Is there a notion of a complex derivative or complex integral?
While reading about fractional calculus in http://arxiv.org/pdf/math/0110241.pdf , I came across the following quote:
Fractional integration and fractional differentiation are generalisations of notions of integer-order integration and differentiation, and include n-th derivatives and n-folded integrals (n denotes an integer number) as particular cases.
Let $D = \frac{d}{dx}$ .
We have found meaningful notions of $D^2$ and $D^{-1}$ (derivative and antiderivative, respectively, of integer-order) and $D^{\frac{1}{2}}$ (derivative of fractional-order) , and we can say that integer differentiation (where given $D^n , n \in \mathbb{Z}$) is a special case of more general fractional differentiation (where given $D^n , n \in \mathbb{R}$).
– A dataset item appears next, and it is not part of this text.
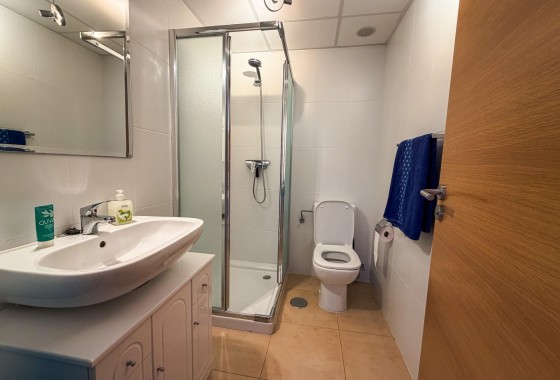 Revente - Appartement -
Torre Pacheco - Mar Menor Golf Resort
I'm wondering if there's some meaningful notion of "complex differentiation", say something like $D^i$, where fractional differentiation is a special case (note that anti differentiation is a special case of differentiation; namely, given $D^n$, anti differentiation occurs when $n$ is real and negative). Is this conceivable? If so, are there any apparent applications of this?
Sorry if this is a dumb question (by dumb, I mean something that I could've found elsewhere online). I've searched around and haven't found anything on this yet.
Yes. One could perhaps start with Fractional derivatives of imaginary order by E.R. Love (from 1971). This is still an active area of research. (Contrast "fractional calculus", which frequently starts with the Riemann-Liouville differintegral, neither of whom are particularly recent publishers.) See, for instance, Fractional Integrals of Imaginary Order in the Space of Hölder Functions with Polynomial Weight on an Interval or Definitions of Complex Order Integrals and Complex Order Derivatives Using Operator Approach. (The latter essentially extends the R-L differintegral slightly.)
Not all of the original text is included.